À plus d’une reprise, comme, par exemple, dans l’histoire de la veuve de Sarepta (comp. Luc 26), Dieu honora le prophète Élie, en se servant de lui pour nous représenter certains caractères isolés de son Bien-aimé, mais le dernier jour de sa carrière prophétique est employé à illustrer la vie, la mort, l’ascension du Messie, et les bénédictions qui devaient en découler pour son peuple. Ce privilège d’Élie est, dans une mesure, celui de tout croyant, car chacun de nous est appelé à reproduire les caractères de Christ dans le monde. S’il est vrai que nous sommes «en Lui» devant Dieu, il est aussi vrai qu’il est «en nous» devant le monde, et que nous sommes appelés à le manifester aux yeux de tous. Si le chrétien est fidèle, il sera une copie qui fera d’emblée reconnaître son modèle. Celui qui ne voit pas dans ce chapitre la vérité dont nous parlons, n’y a, de fait, rien vu. Seulement, nous l’avons dit, tout nous y est présenté sous un jour mystérieux. Ce qui ajoute au mystère, c’est qu’Élie n’y est pas seul. Élisée, son compagnon prophète et son serviteur, ne l’abandonne pas un seul instant, et le voit monter au ciel, puis revient visiter les «fils des prophètes», dont les circonstances remplissent toute la suite de notre histoire.

 

Élie, type de Christ

«Et il arriva que, lorsque l’Éternel fit monter Élie aux cieux dans un tourbillon, Élie et Élisée partirent de Guilgal». Le prophète a quatre étapes à faire avant d’être enlevé au ciel: Guilgal, Béthel, Jéricho et le Jourdain.
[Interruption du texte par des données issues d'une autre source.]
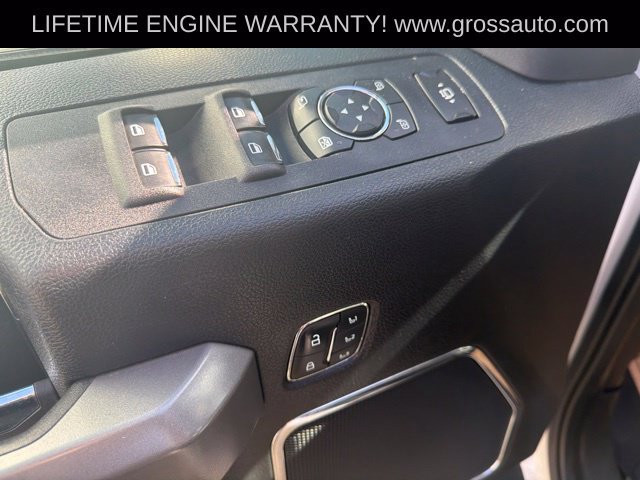 Used 2020 Ford F250 Platinum w/ Tremor Off-Road Package AWD/4WD image 12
Au commencement de sa carrière, il avait été envoyé pour ramener à l’Éternel le cœur du peuple. Sa mission, accomplie fidèlement, avait, en fin de compte, totalement échoué. Israël, après un retour momentané, lors de la destruction des prêtres de Baal, ne s’était pas réellement repenti, et les rois avaient persisté dans leur idolâtrie. Jésus, dans sa mission, échoua de la même manière auprès du peuple remonté de la captivité. Le prophète est maintenant envoyé de Dieu, comme Christ dans les évangiles, pour retracer, par la puissance du Saint Esprit, le chemin qu’Israël aurait dû suivre, mais qu’il avait semé d’infidélités et de ruines, en manquant à sa responsabilité. «L’Éternel m’envoie», telles sont, à chaque étape, les paroles d’Élie à son fidèle compagnon (v. 2, 4, 6). Telles sont aussi les paroles du Seigneur dans les évangiles, et surtout dans celui de Jean où il se présente constamment comme envoyé du Père.

Mais, examinons d’abord quel avait été ce chemin pour Israël.

 

L’Éternel, après avoir fait traverser le Jourdain à son peuple, avait roulé de dessus lui l’opprobre d’Égypte par la circoncision de Guilgal, car aucun des fils de ceux qui étaient sortis d’Égypte n’avait été circoncis dans le désert (Jos. 5:5-9). Puis il avait fait tomber devant Israël, Jéricho, forteresse de l’ennemi, condamnant cette ville à l’interdit et à la malédiction, pour introduire à la fin son peuple dans la jouissance des bénédictions promises autrefois à Jacob en Béthel (Gen. 35:9). Israël s’était-il maintenu dans ces bénédictions? En aucune manière. «Toute leur méchanceté», lui dit plus tard le prophète Osée, «est à Guilgal, car là, je les ai haïs; à cause de la méchanceté de leurs actions, je les chasserai de ma maison (Béthel). Je ne les aimerai plus» (Os. 9:15). Et encore: «Venez à Béthel, et péchez!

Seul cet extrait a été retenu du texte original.